The integrand scales as \(1/\sqrt{\theta_m-\theta}\) as \(\theta\to\theta_m\). Here are a few changes of variables which will eliminate that divergence:

(26)#\[\begin{align} x &= \frac{\sqrt{\theta_m-\theta}}{\sqrt{\theta_m}}\\ \theta &= \theta_m \sin(z) \end{align}\]

## Activity 7

  1. Use one of these changes of variables (or another one that comes to mind for you), to transform this integral into one in which the integrand never diverges. Do the arithmetic on a piece of paper, then make a function which corresponds to the integrand – for example integrandx(x,θₘ) or integrandz(z,θₘ). Also make functions which return the upper and lower limits of the integral: minx(θₘ) and maxx(θₘ) or minz(θₘ) and maxz(θₘ)

  2. Plot the integrand to verify that it is non-singular. Try a few different values of θₘ

## Activity 8

Make a function which takes θₘ and the number of rectangles n, and approximates our integral by calling naive_midpoint. We will use this to check its convergence properties.

Verify that the function runs and gives sensible values.

## Activity 9

Now we want to check the convergence properties of the numerical integral. Lets do this convergence check at θₘ=pi/2. Unfortunately we don’t know the exact value of the integral at this point, so we can’t just plot the error vs n, as we did before.
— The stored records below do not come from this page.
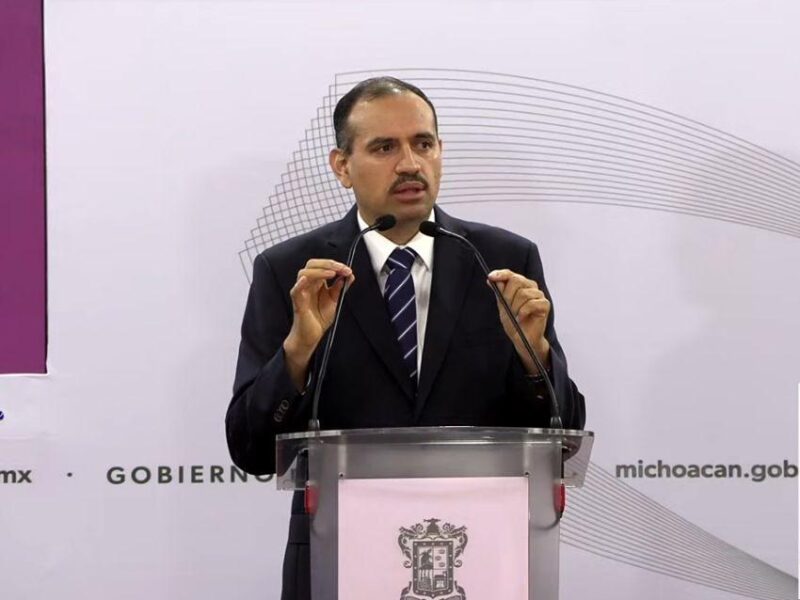 Destaca SSM que se reducirá la espera con nuevo equipo oncológico en Michoacán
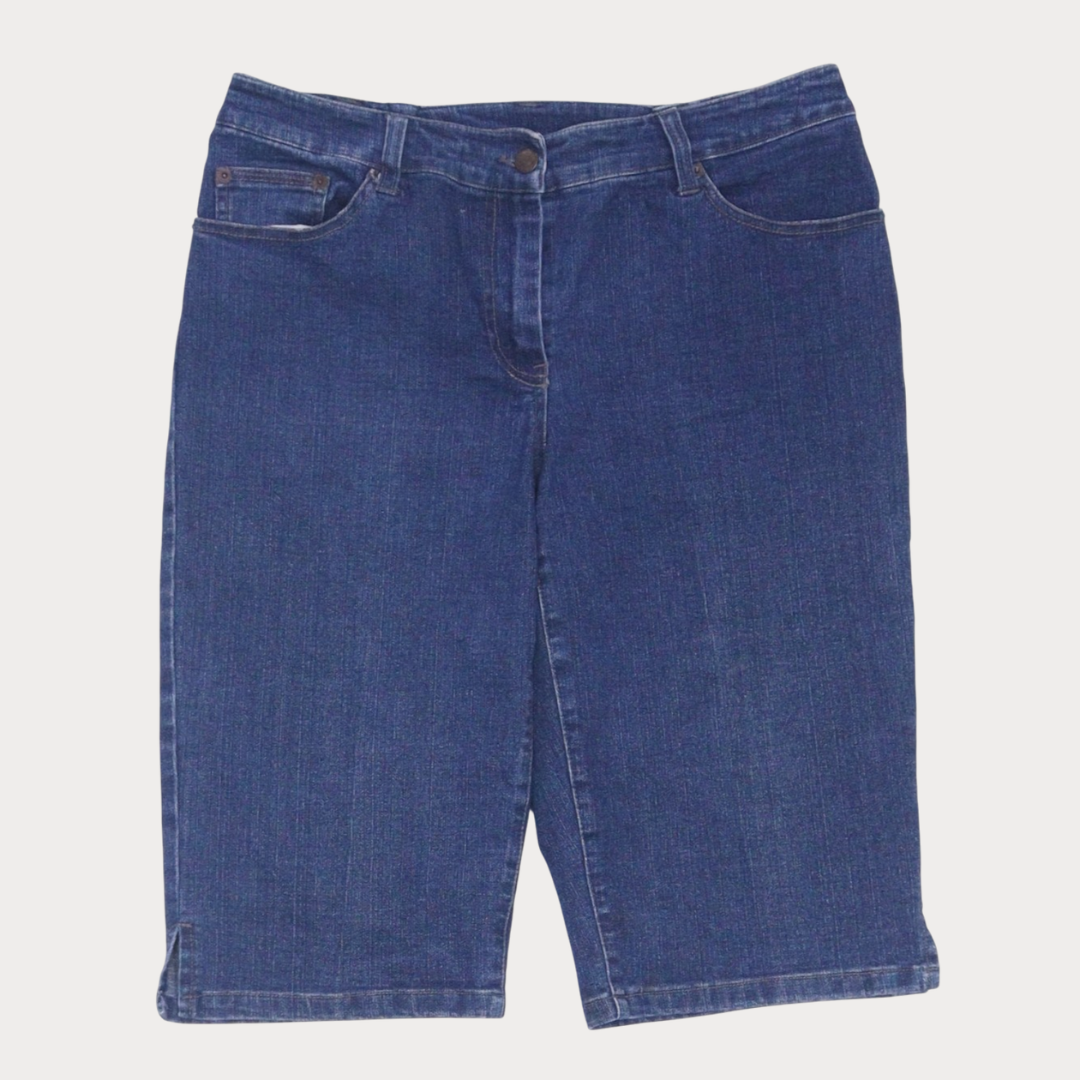 Ladies' Denim Shorts - Grade A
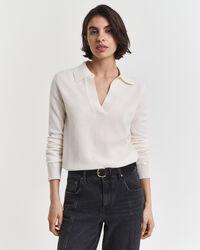 Rugger en laine d'agneau ultrafine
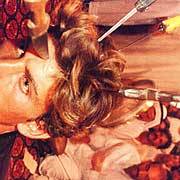 Trencher : When Dracula Thinks Look at Me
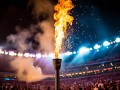 点燃激情，共赴光影盛宴—第12届世界运动会主火炬点燃瞬间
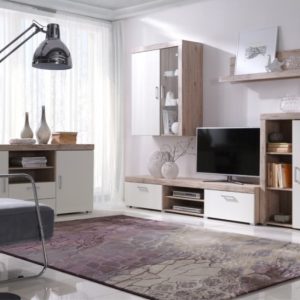 Jurek Meble  Obývací stěna SAMBA 4 Jurek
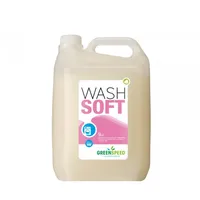 Greenspeedtm WASH SOFT Weichspüler flüssig, 5,0 l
The solution is that we look at differences between successive approximations to the integral. In particular, we look at \(I_n-I_{n/2}\). If \(I_n\sim a+b n^{\alpha}\) then $\( I_n-I_{n/2}=b n^{\alpha} \left(1-\frac{1}{2^\alpha}\right) \)$ Thus a log-log plot of the successive differences will reveal the leading power with which the series is converging.

Note this also works with other ratios, not just factors of 2. For example, if we use our mid_data object we naturally produce approximants for which n differs by powers of 3.

  1. Create the sequence \(I_1,I_2,I_4,\cdots,I_{2^N}\), with \(N\) of order \(10\). Feel free to use powers of 3 instead of powers of 2 if you like.

  2. Create the sequence of differences \(I_2-I_1,I_4-I_2,\cdots\).

  3. Plot the log of the difference vs log(n). Is it a straight line? If so extract the power law. If it is not a straight line, explain what is going on? Be sure to label your axes.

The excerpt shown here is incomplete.